On March 15, 2022, crew chief Ryan Sparks was suspended for four races due to a tire and wheel loss during the 2022 Ruoff Mortgage 500 at Phoenix. At Atlanta, LaJoie led a career-best 19 laps and was on his way to claiming his first career win with two laps to go when Chase Elliott overtook him and blocked him on the high side, causing him to brush the wall and spin before colliding with Kurt Busch and finishing the race in 21st place.

Car No. 7 results

Car No. 77 history  
Multiple drivers (2019–2022) 

In January 2019, Quin Houff signed with Spire for a part-time schedule in the No. 77 in 2019 starting at ISM Raceway. Spire Motorsports formed a partnership with Chip Ganassi Racing to field the No. 40 for Jamie McMurray at the 2019 Daytona 500 and Advance Auto Parts Clash, using the newly acquired No. 77 charter to effectively renumber it to the No. 40 for a one-off and guarantee it qualified for the race. Prior to Houff's debut, Garrett Smithley and Reed Sorenson drove the car at Atlanta Motor Speedway and Las Vegas Motor Speedway, respectively. Prior to the Atlanta race, car chief Shane Callis was ejected from the track after the No. 77 failed pre-qualifying inspection multiple times. D. J. Kennington joined the team for the Martinsville Speedway race.  In April, NASCAR Xfinity Series regular Justin Haley made his Cup debut with the team at Talladega Superspeedway.

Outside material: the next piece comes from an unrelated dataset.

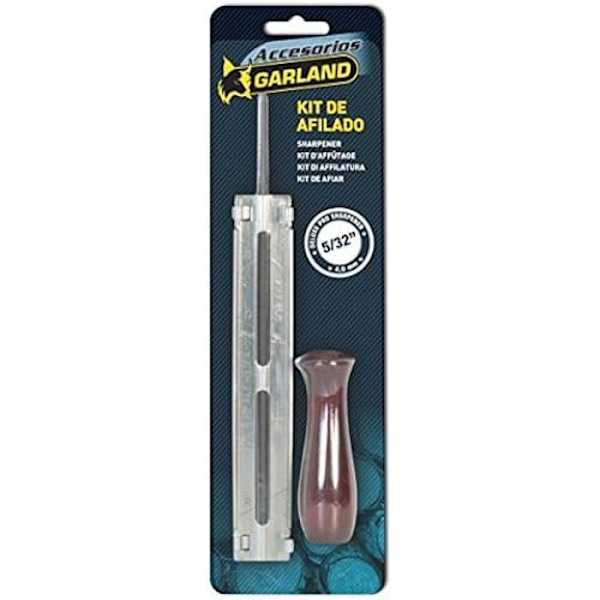 Garland - manuell slipsats 5/32"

On July 7, the team won their first Cup race in their 18th start at the rain-shortened 2019 Coke Zero Sugar 400 at Daytona, with Haley behind the wheel. Haley and the team were not eligible for the Cup Series Playoffs but did receive the Daytona winner's check.

On September 29, Blake Jones was announced to drive the No. 77 at the October Talladega race. Timmy Hill drove for the team at the Kansas and Martinsville playoff races.

On November 27, the team was docked 50 owner points and listed owner T. J. Puchyr fined $50,000 after being caught in a race manipulation scheme at the Homestead-Miami race: Sorenson was heard ignoring multiple calls to pit late in the race before finally obliging. The team then retired the car with an official reason stated being mechanical issues. Along with Rick Ware Racing also exiting the race, this enabled the No. 27 of Premium Motorsports to secure the highest Open (non-chartered) team in the final point standings.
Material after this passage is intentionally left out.